→ **WHAT NEEDS TO BE DONE**: From the records below, please print only the lines from the one containing "Представители православия и буддизма" through the one containing "BMW M340, i", both included. Skip the pictures.

Caption-style text data
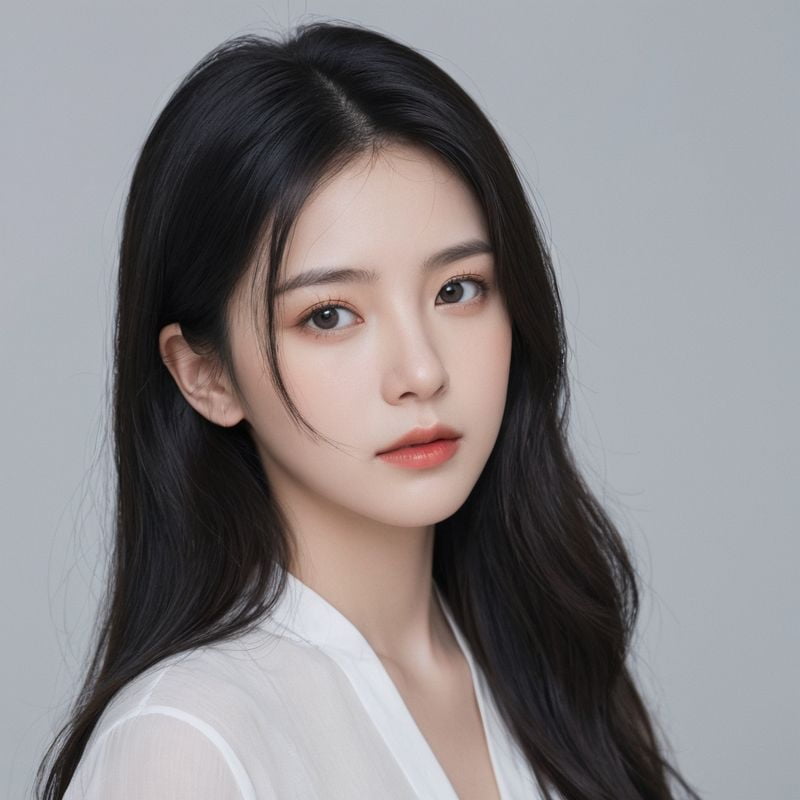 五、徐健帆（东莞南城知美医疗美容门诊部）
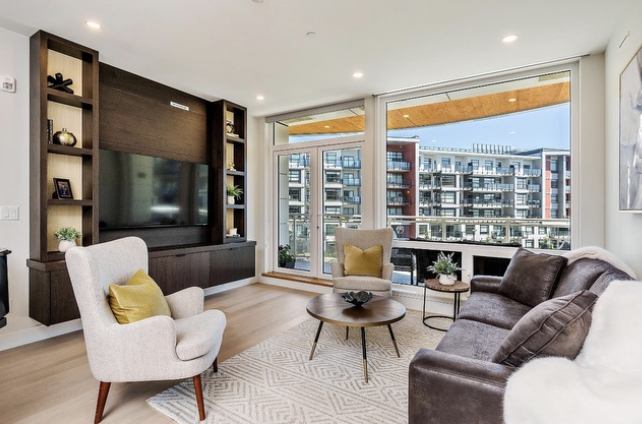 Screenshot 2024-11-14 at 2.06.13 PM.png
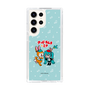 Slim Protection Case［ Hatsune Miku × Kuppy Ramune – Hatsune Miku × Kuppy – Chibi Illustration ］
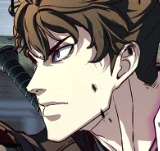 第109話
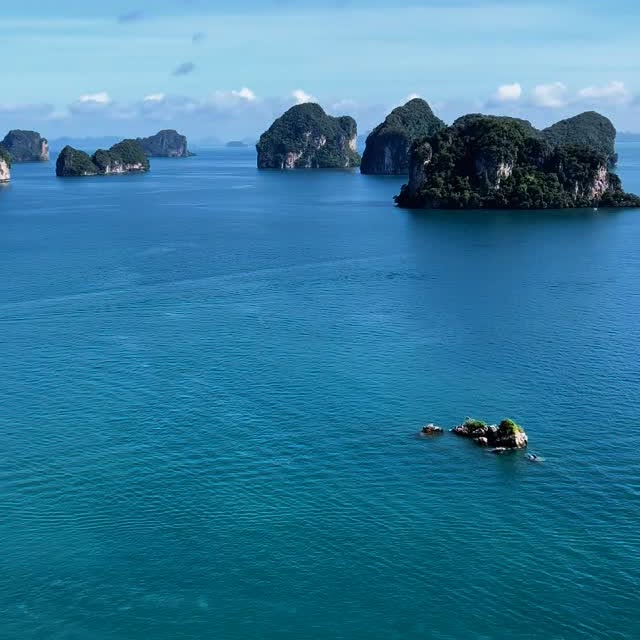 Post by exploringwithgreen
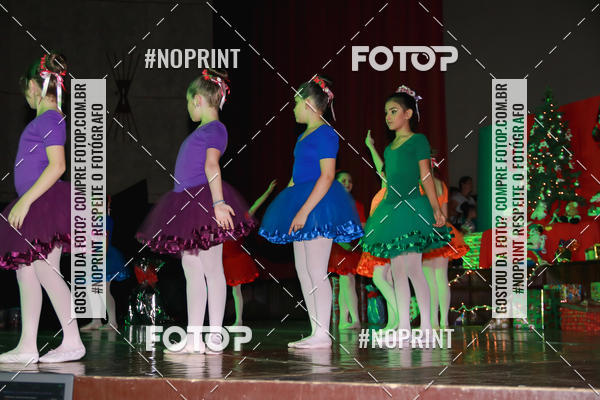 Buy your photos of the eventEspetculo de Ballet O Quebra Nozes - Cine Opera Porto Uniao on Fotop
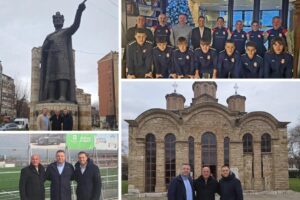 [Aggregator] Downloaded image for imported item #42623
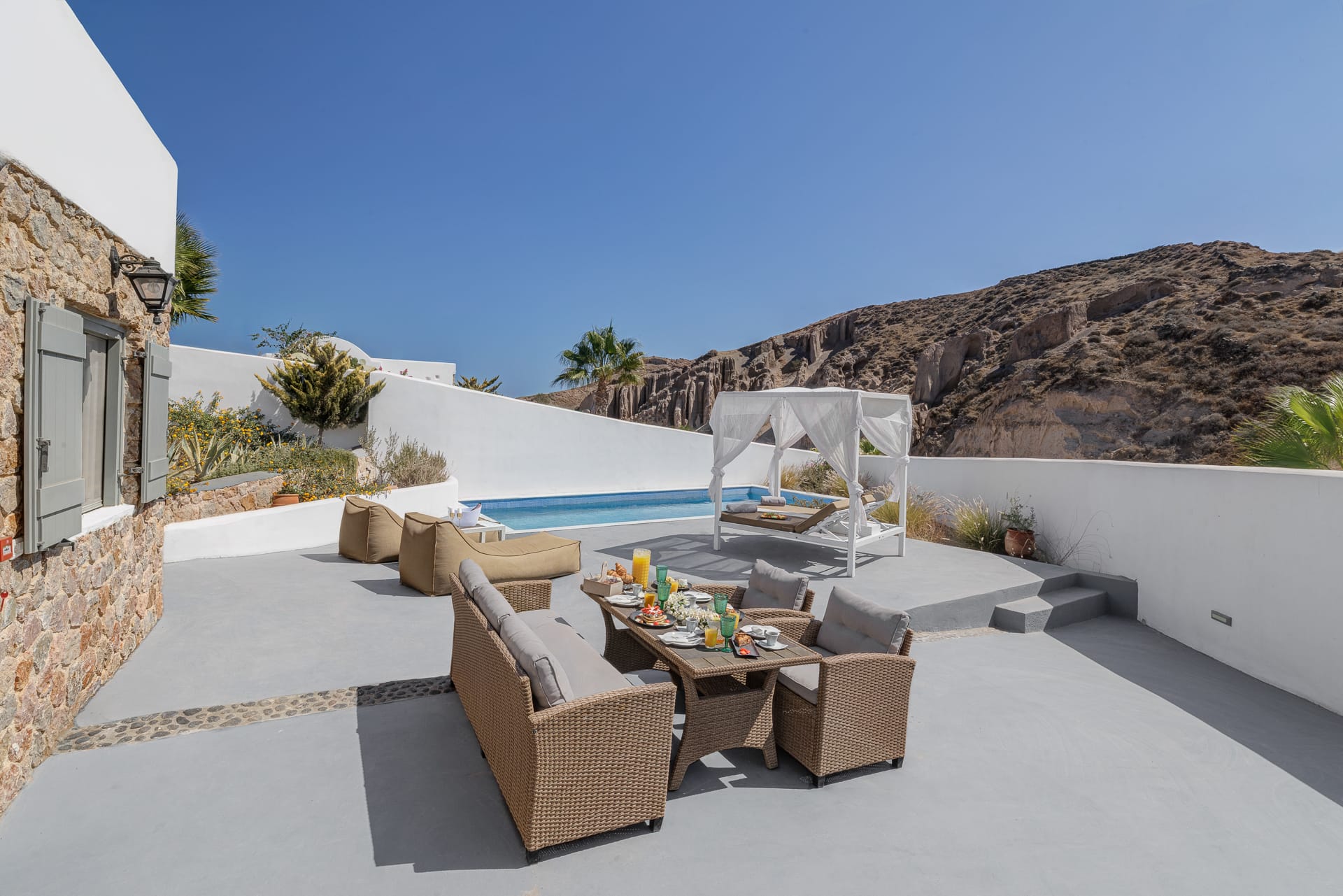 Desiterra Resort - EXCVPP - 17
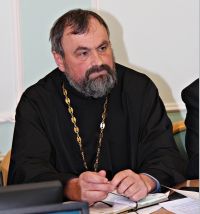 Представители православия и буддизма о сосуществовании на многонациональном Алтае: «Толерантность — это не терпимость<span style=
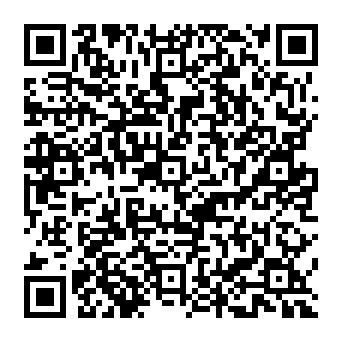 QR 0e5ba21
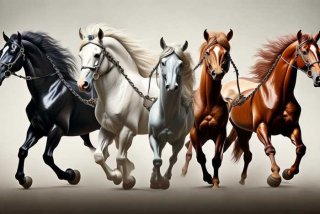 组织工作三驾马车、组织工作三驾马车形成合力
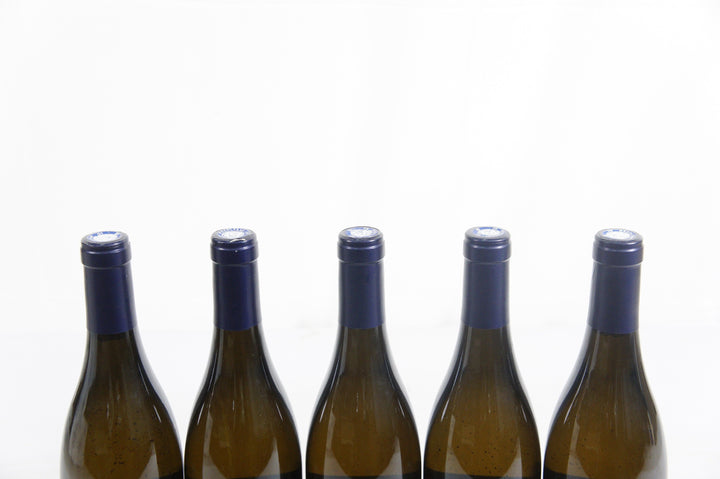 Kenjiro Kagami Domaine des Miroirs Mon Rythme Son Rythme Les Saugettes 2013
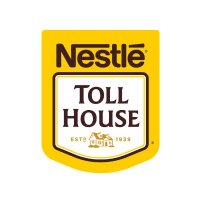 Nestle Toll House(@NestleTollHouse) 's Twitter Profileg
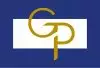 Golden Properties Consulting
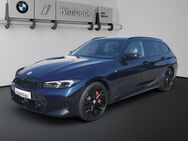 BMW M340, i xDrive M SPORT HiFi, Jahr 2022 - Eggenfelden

==

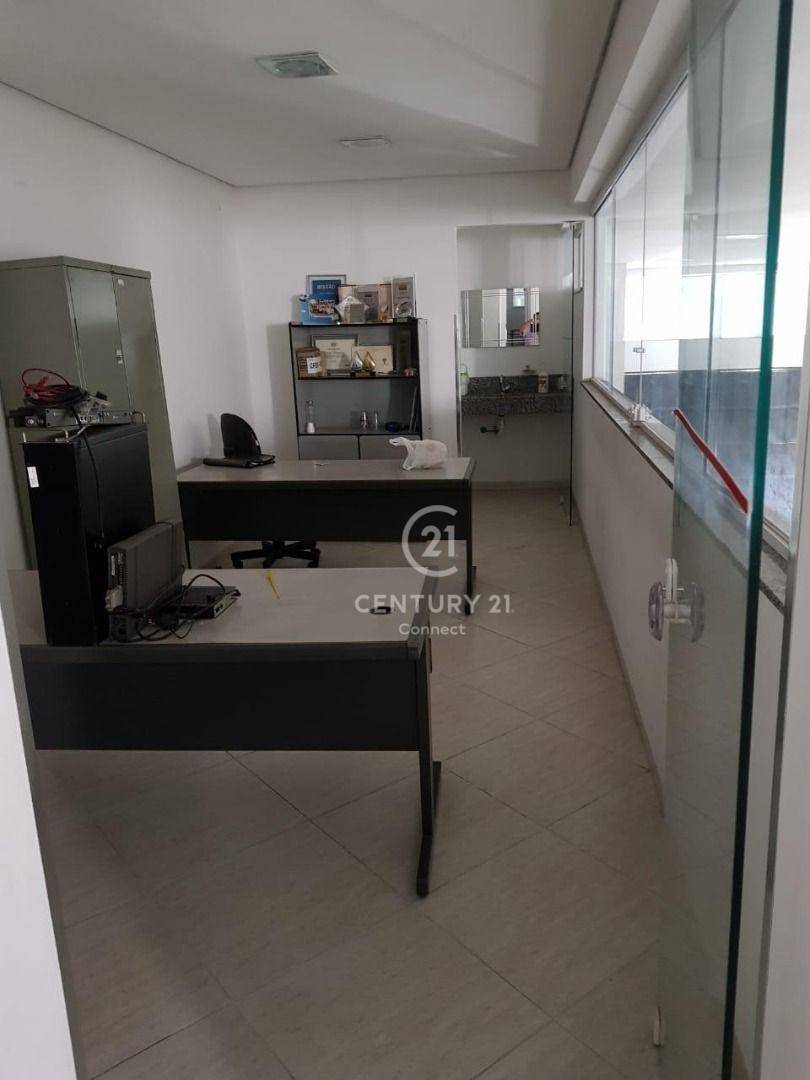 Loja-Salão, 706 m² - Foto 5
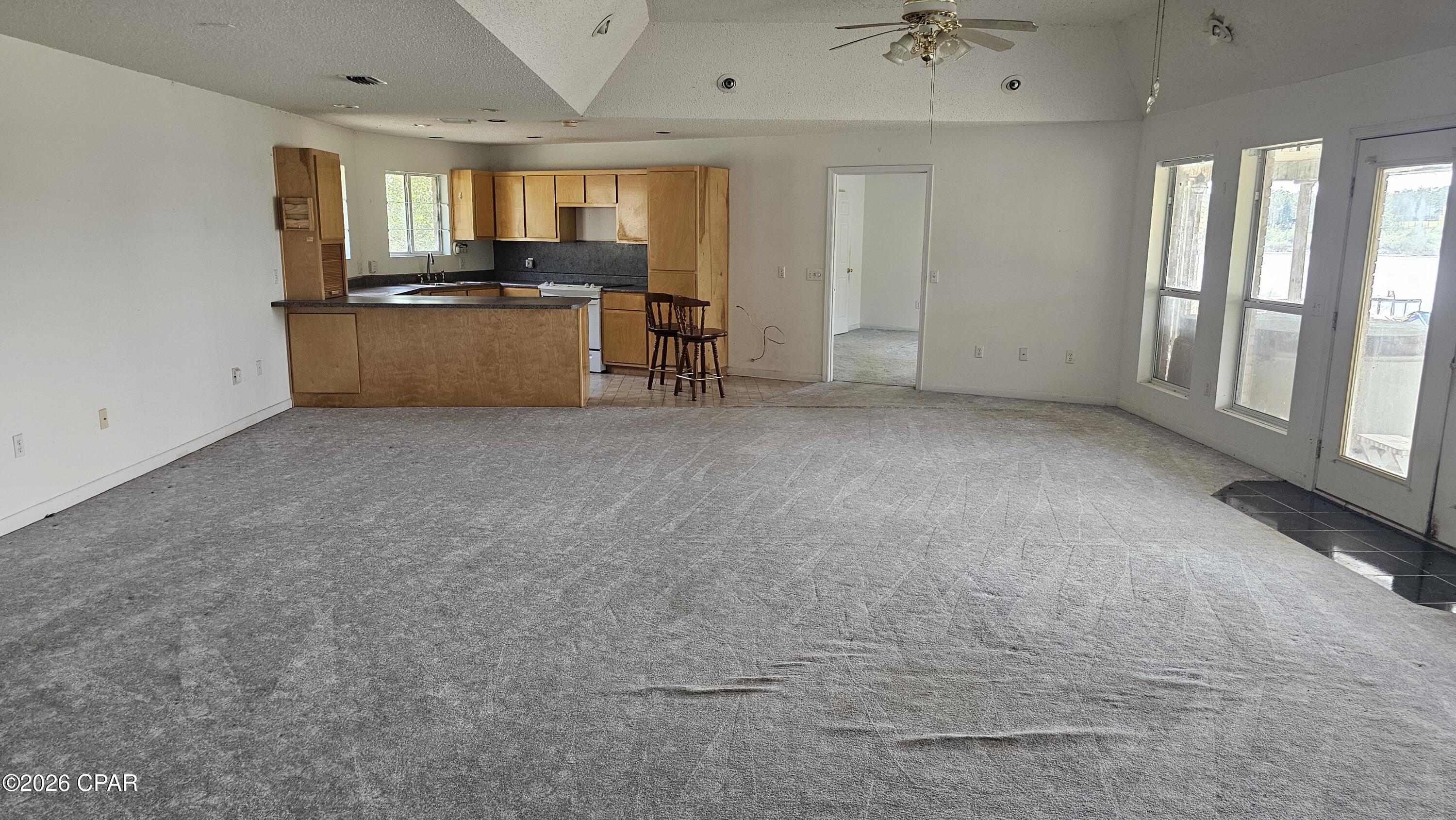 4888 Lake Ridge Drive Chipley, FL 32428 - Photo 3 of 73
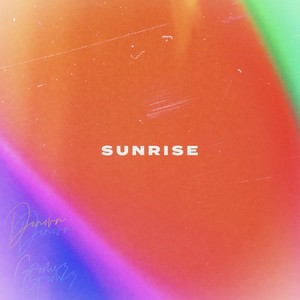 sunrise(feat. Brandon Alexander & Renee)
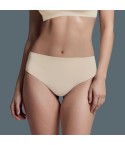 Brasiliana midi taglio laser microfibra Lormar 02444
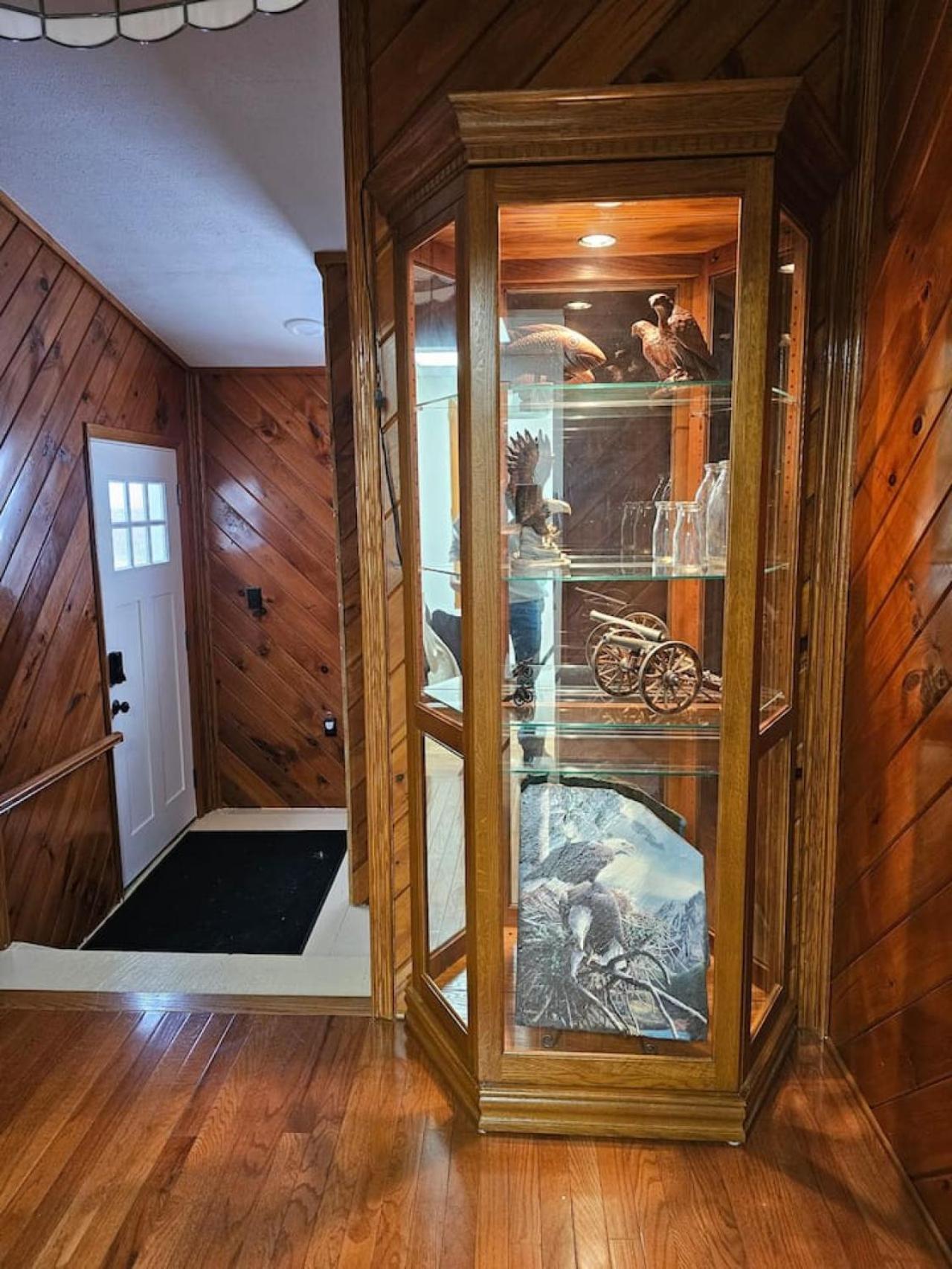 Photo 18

→ **SOLVED EXERCISE**:
 Представители православия и буддизма о сосуществовании на многонациональном Алтае: «Толерантность — это не терпимость<span style=
 QR 0e5ba21
 组织工作三驾马车、组织工作三驾马车形成合力
 Kenjiro Kagami Domaine des Miroirs Mon Rythme Son Rythme Les Saugettes 2013
 Nestle Toll House(@NestleTollHouse) 's Twitter Profileg
 Golden Properties Consulting
 BMW M340, i xDrive M SPORT HiFi, Jahr 2022 - Eggenfelden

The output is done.